### Exercise inputs
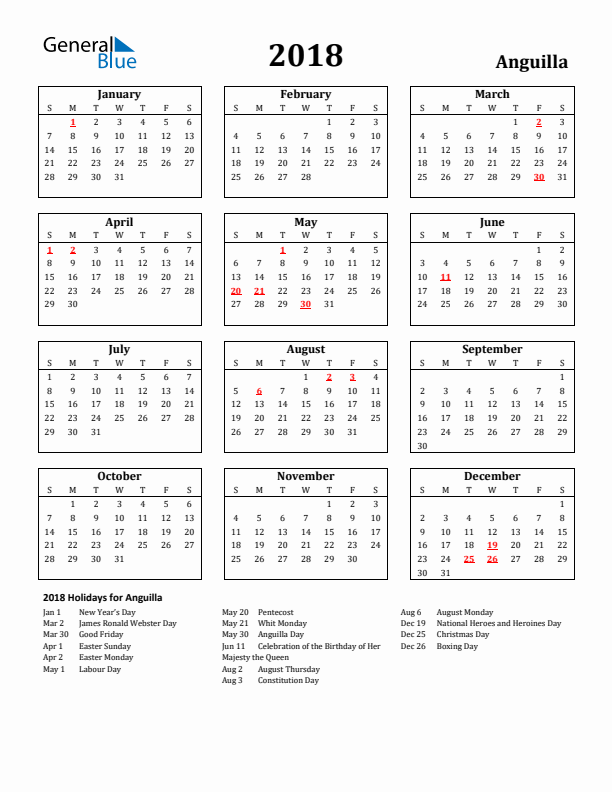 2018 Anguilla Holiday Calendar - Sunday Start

--

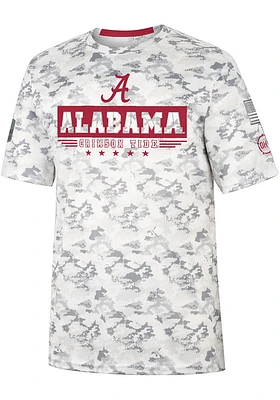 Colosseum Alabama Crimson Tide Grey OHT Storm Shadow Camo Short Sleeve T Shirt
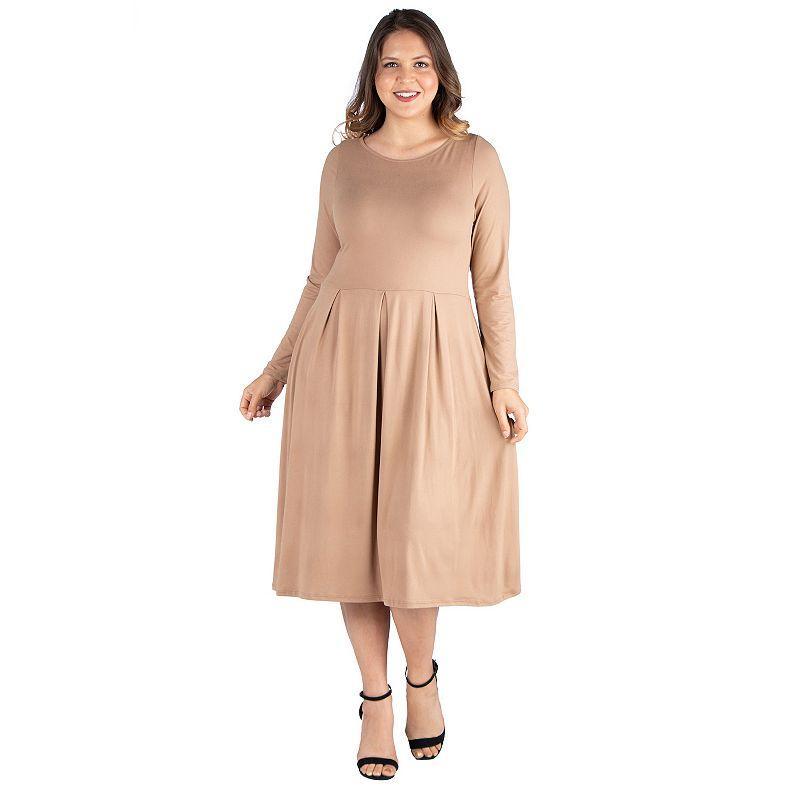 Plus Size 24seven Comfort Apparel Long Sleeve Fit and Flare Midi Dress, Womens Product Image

### Problem details
Return word for word the lines of the listing above, starting at the line with "Colosseum Alabama Crimson" and ending at the line with "Plus Size 24seven", both included. Pictures do not belong in the copy.

### Reply to the task
 Colosseum Alabama Crimson Tide Grey OHT Storm Shadow Camo Short Sleeve T Shirt
 Plus Size 24seven Comfort Apparel Long Sleeve Fit and Flare Midi Dress, Womens Product Image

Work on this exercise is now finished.